DATA SEGMENT =
★ ★ ★ ★ ★ ★ ★
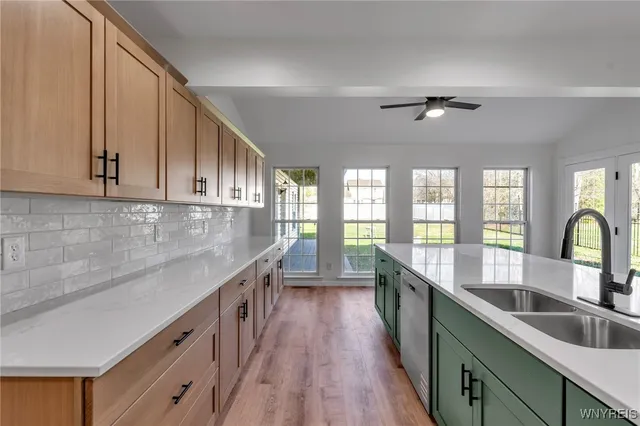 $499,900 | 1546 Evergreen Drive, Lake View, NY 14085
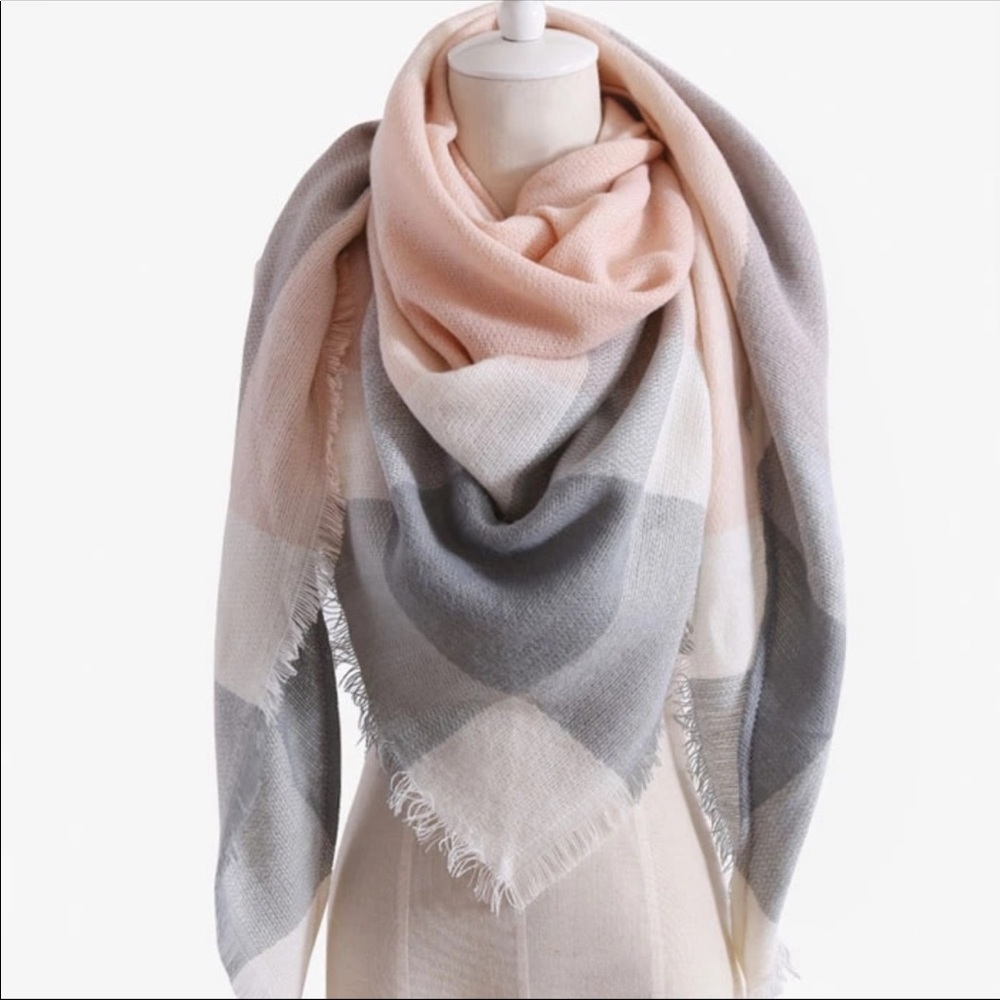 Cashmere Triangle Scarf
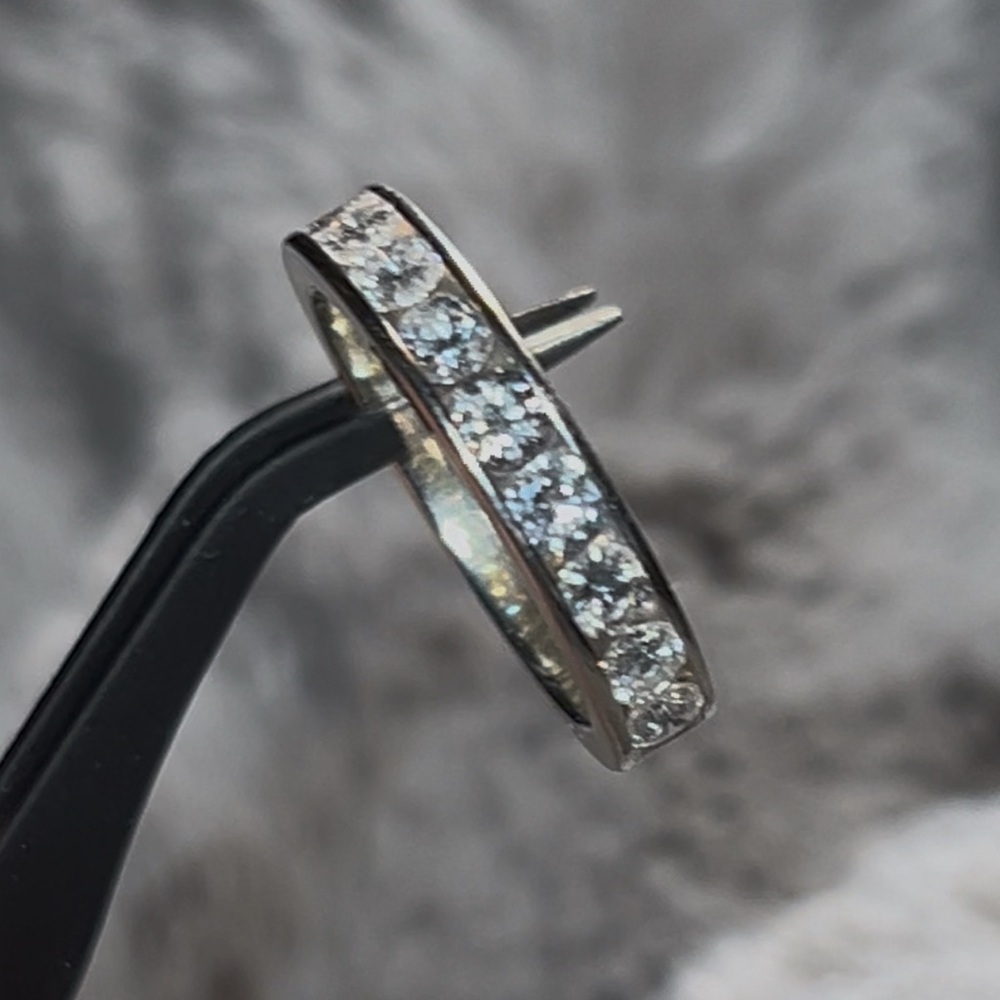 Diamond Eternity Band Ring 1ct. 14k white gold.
★ ★ ★ ★ ★ ★ ★
GOAL OF THE EXERCISE =
The answer is the whole listing above, written out verbatim, without its pictures.

TASK OUTPUT =
 $499,900 | 1546 Evergreen Drive, Lake View, NY 14085
 Cashmere Triangle Scarf
 Diamond Eternity Band Ring 1ct. 14k white gold.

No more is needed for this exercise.